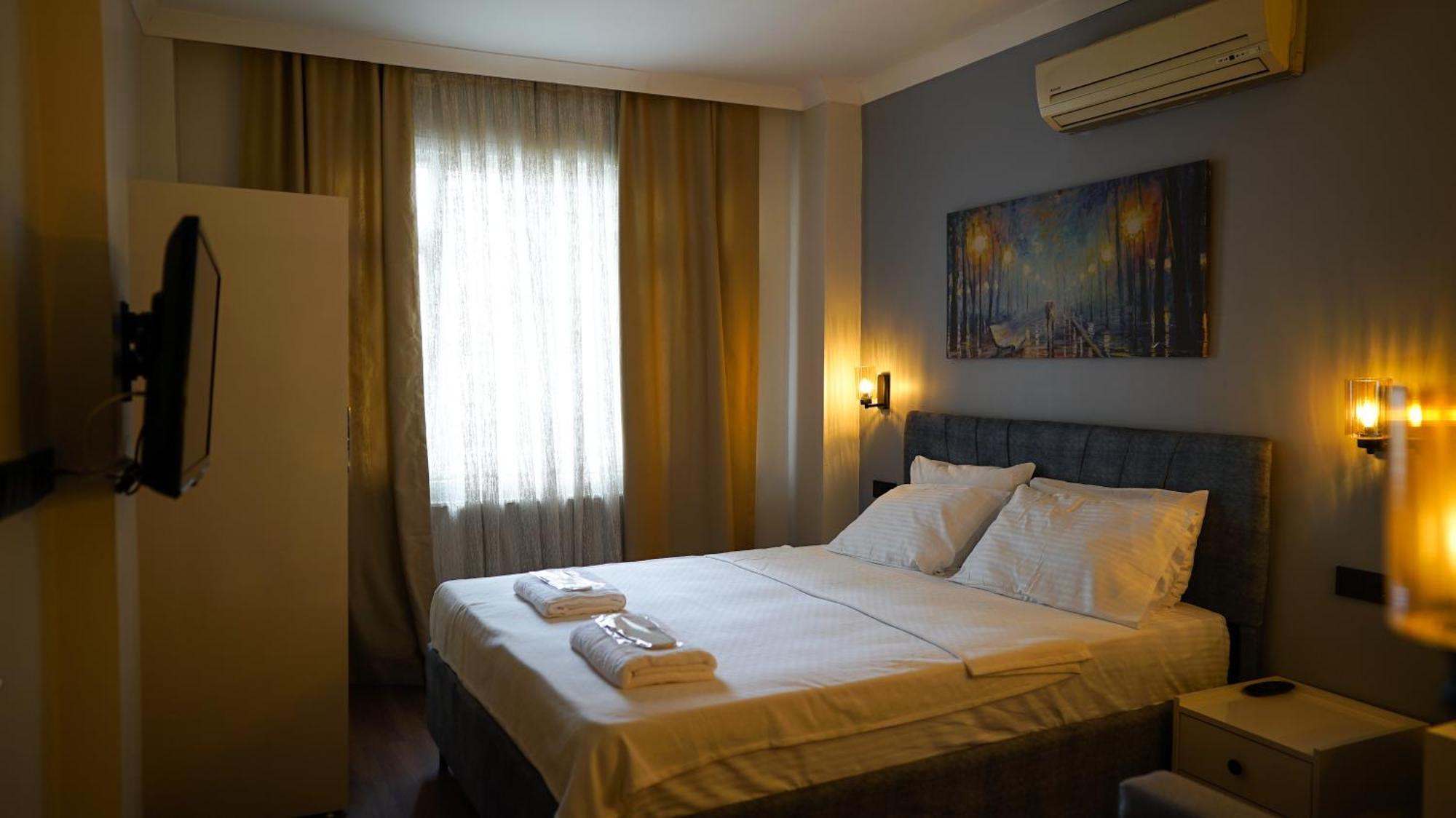 Bed & Breakfast Front Door Istanbul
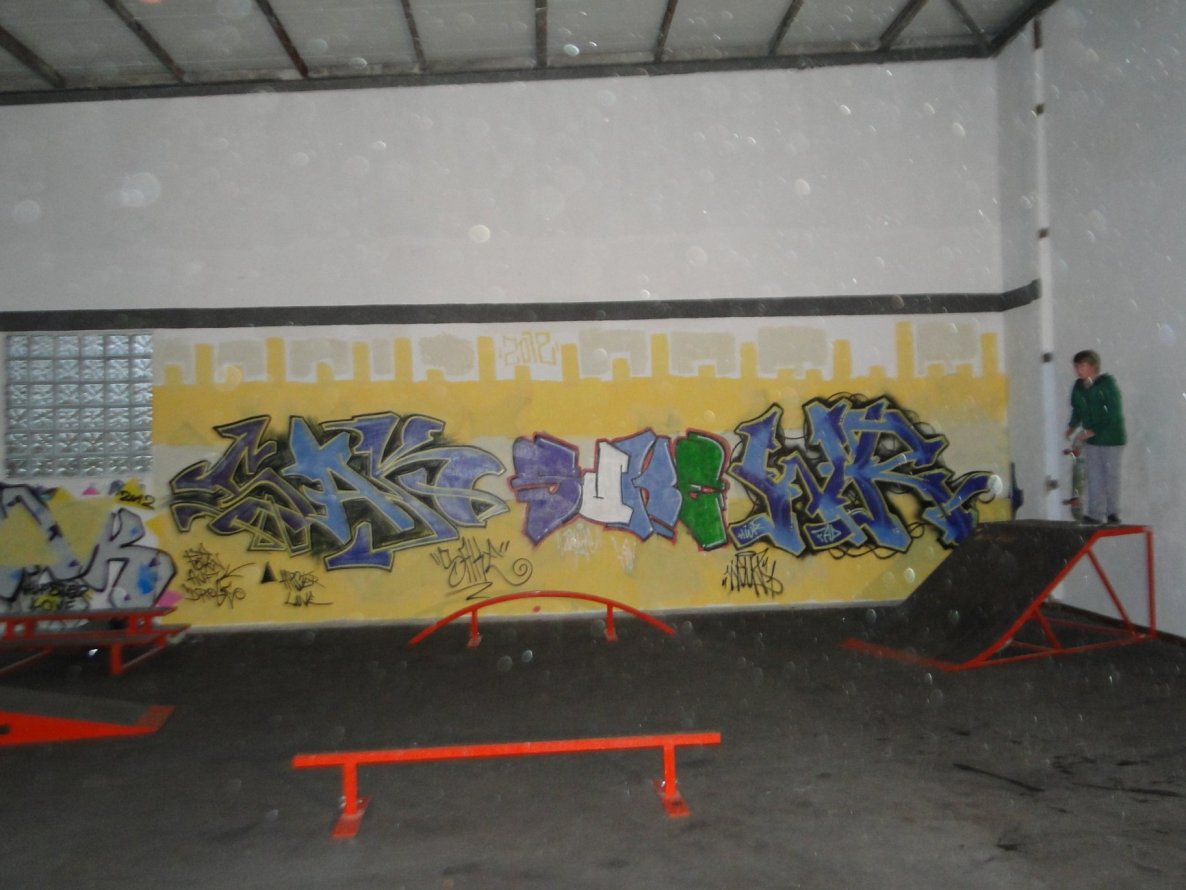 Graffiti Wall in Emden - Photo by GraffitiEmden - Sake, Suke, Weird (2012)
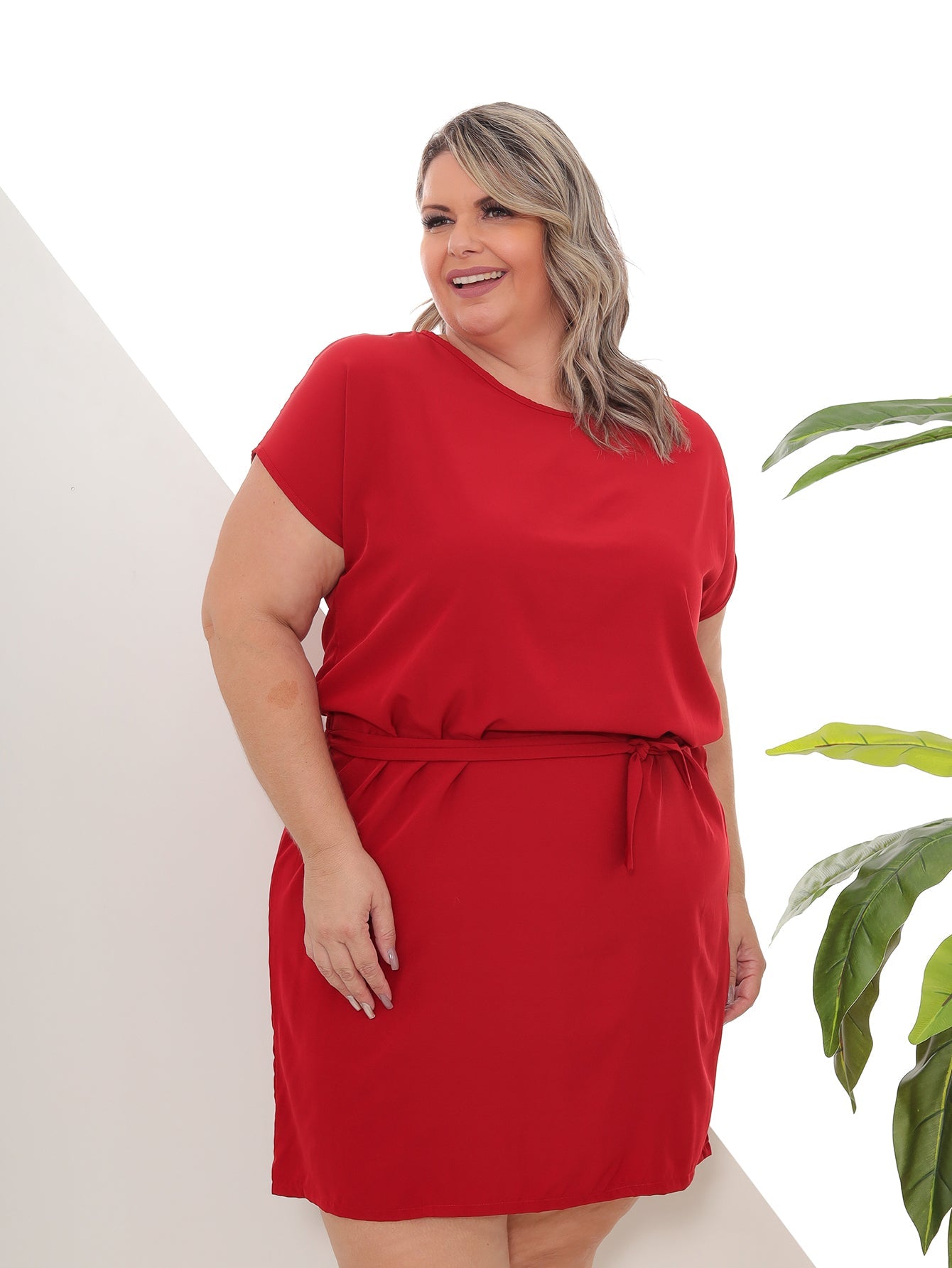 Vestido Plus Size Curto Liso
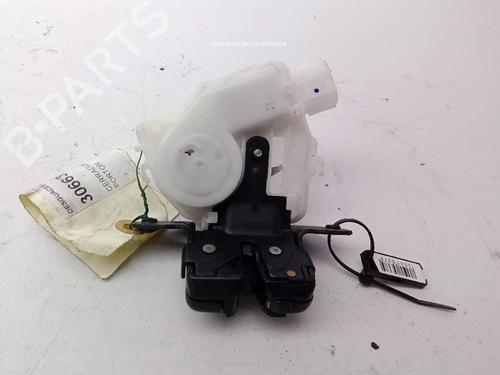 Used Tailgate lock TOYOTA AURIS (_E18_) [2012-2019]  28208955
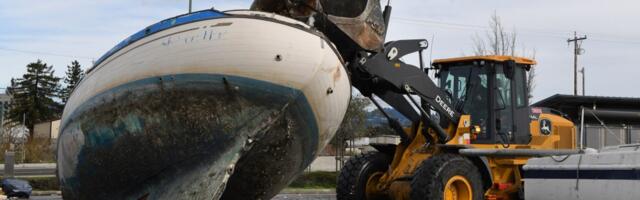Oakland police clear abandoned boats, “anchor-outs” warned to leave estuary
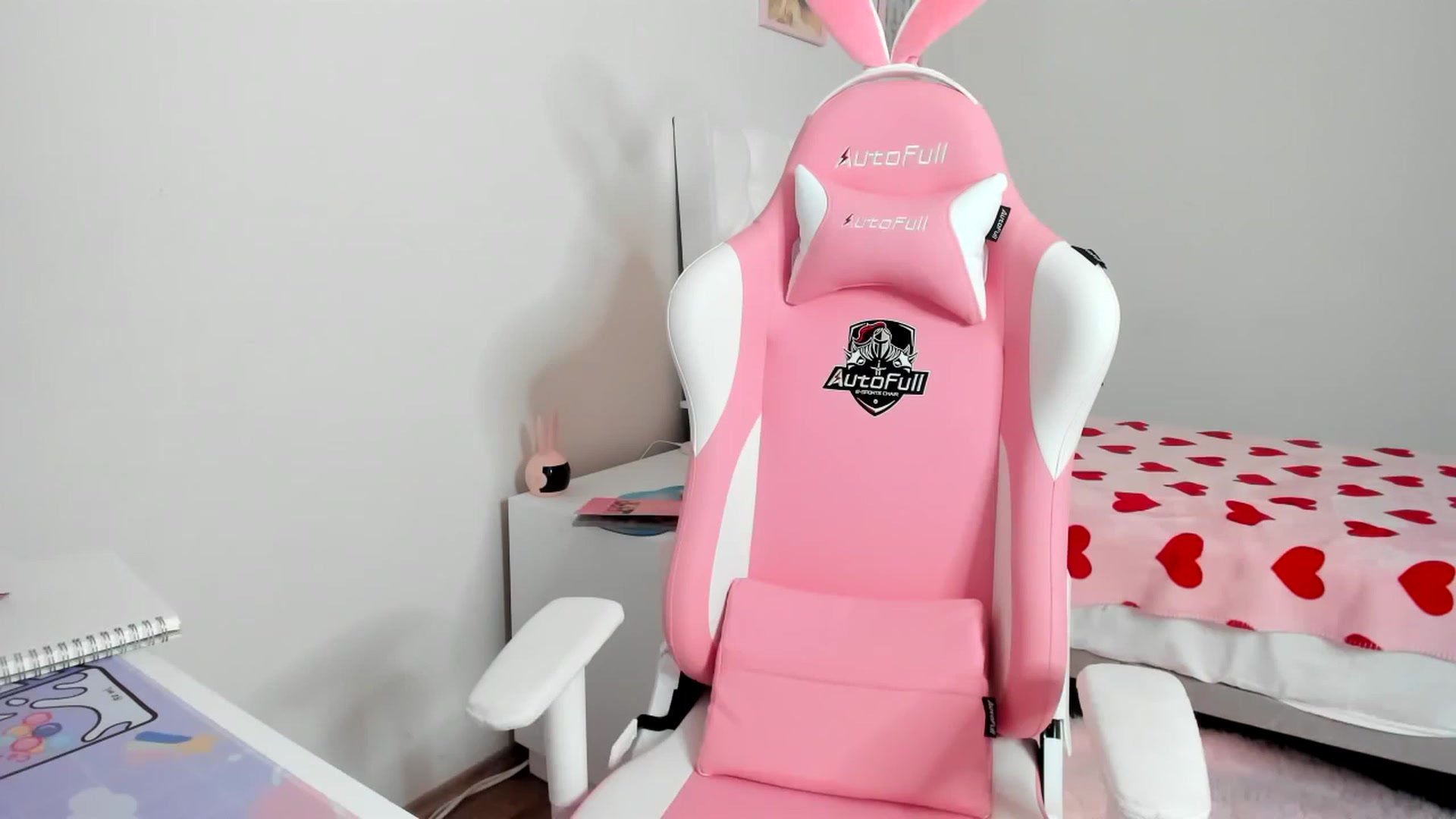 Gallery image thumbnail from Cherrycute666's myfreecams stream on, 04/01/2023, 07:42 image 16 of 20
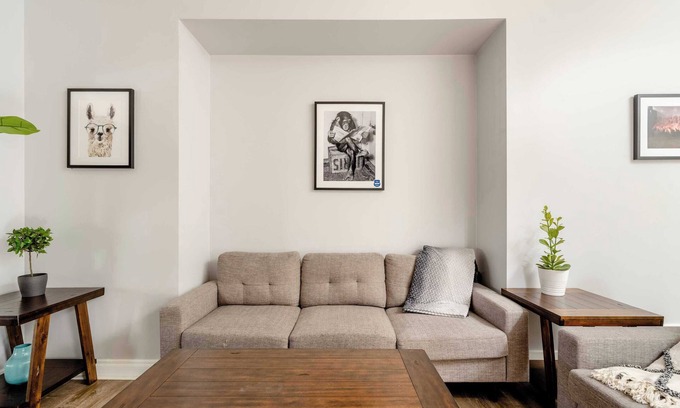 Richmond House | Remodeled 2BR - Walk to Coffee, Bars & More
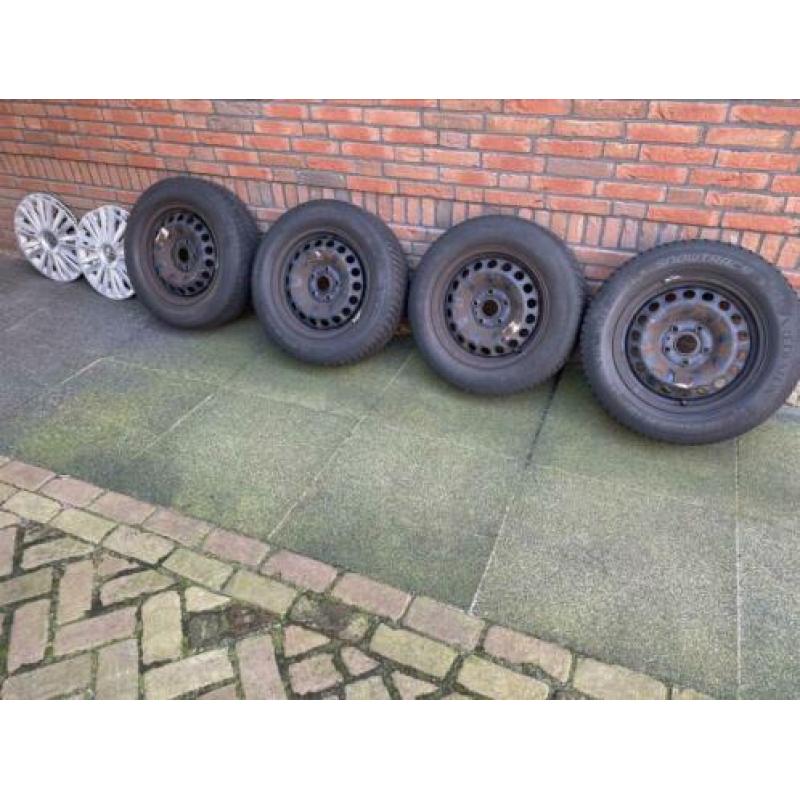 Stalen velgen 15 inch met winterbanden en VW wieldoppen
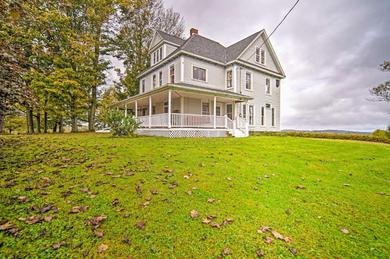 Дом отдыха Historic Victorian Farmhouse with Porch and Views!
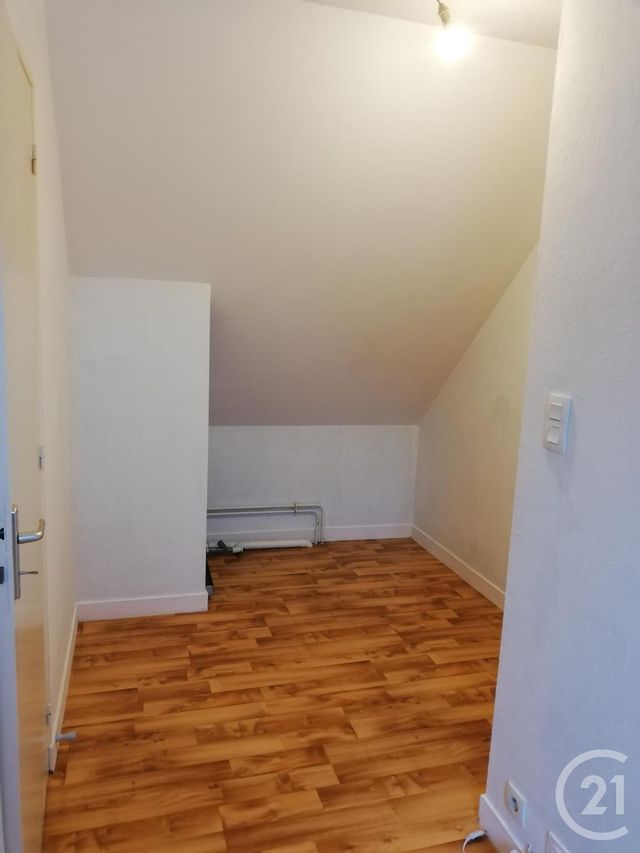Appartement &agrave; louer - 2 pi&egrave;ces - 30 m2 - Etrelles - 35 - BRETAGNE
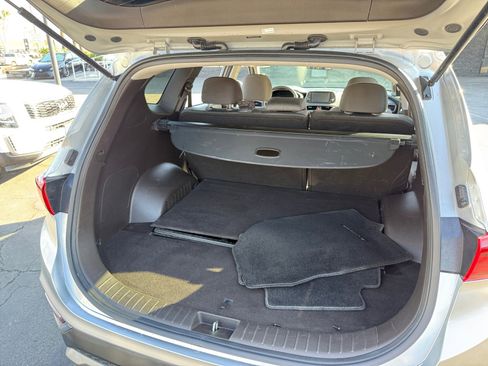 Used 2020 Hyundai Santa Fe SE image 21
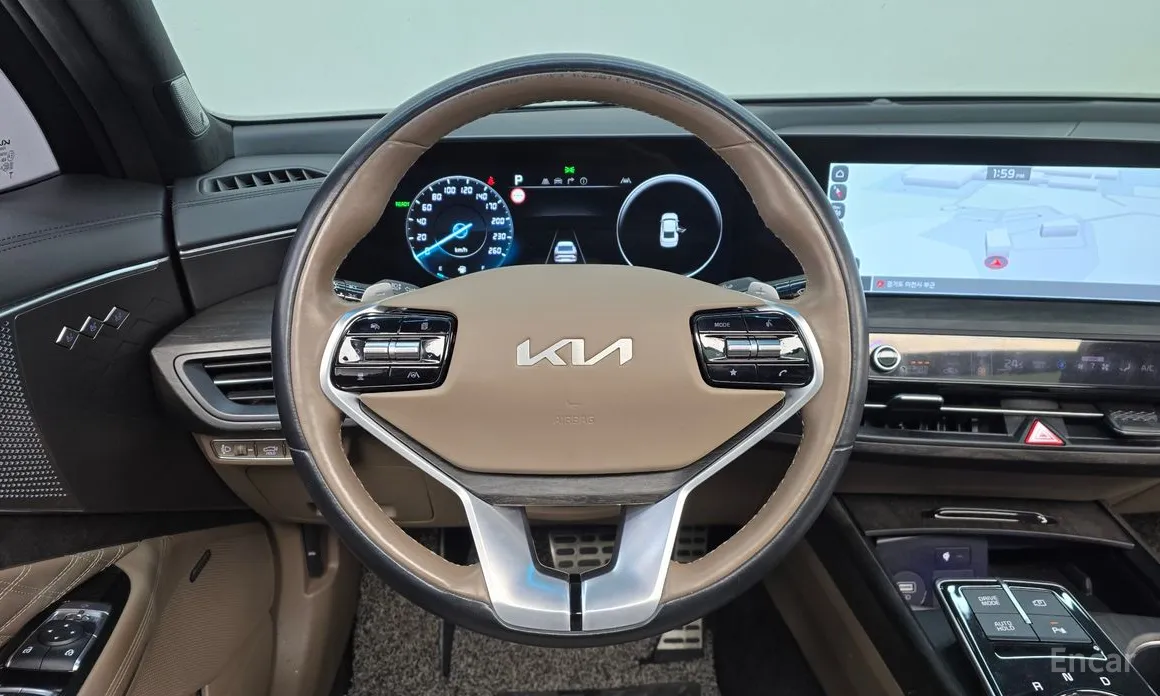 Фото 13 - Kia K8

────────────────────

*Directions for this task*. An exact reproduction of the material above is needed, without its pictures.

*Exercise answer*.
 Bed & Breakfast Front Door Istanbul
 Graffiti Wall in Emden - Photo by GraffitiEmden - Sake, Suke, Weird (2012)
 Vestido Plus Size Curto Liso
 Used Tailgate lock TOYOTA AURIS (_E18_) [2012-2019]  28208955
Oakland police clear abandoned boats, “anchor-outs” warned to leave estuary
 Gallery image thumbnail from Cherrycute666's myfreecams stream on, 04/01/2023, 07:42 image 16 of 20
 Richmond House | Remodeled 2BR - Walk to Coffee, Bars & More
 Stalen velgen 15 inch met winterbanden en VW wieldoppen
 Дом отдыха Historic Victorian Farmhouse with Porch and Views!
Appartement &agrave; louer - 2 pi&egrave;ces - 30 m2 - Etrelles - 35 - BRETAGNE
 Used 2020 Hyundai Santa Fe SE image 21
 Фото 13 - Kia K8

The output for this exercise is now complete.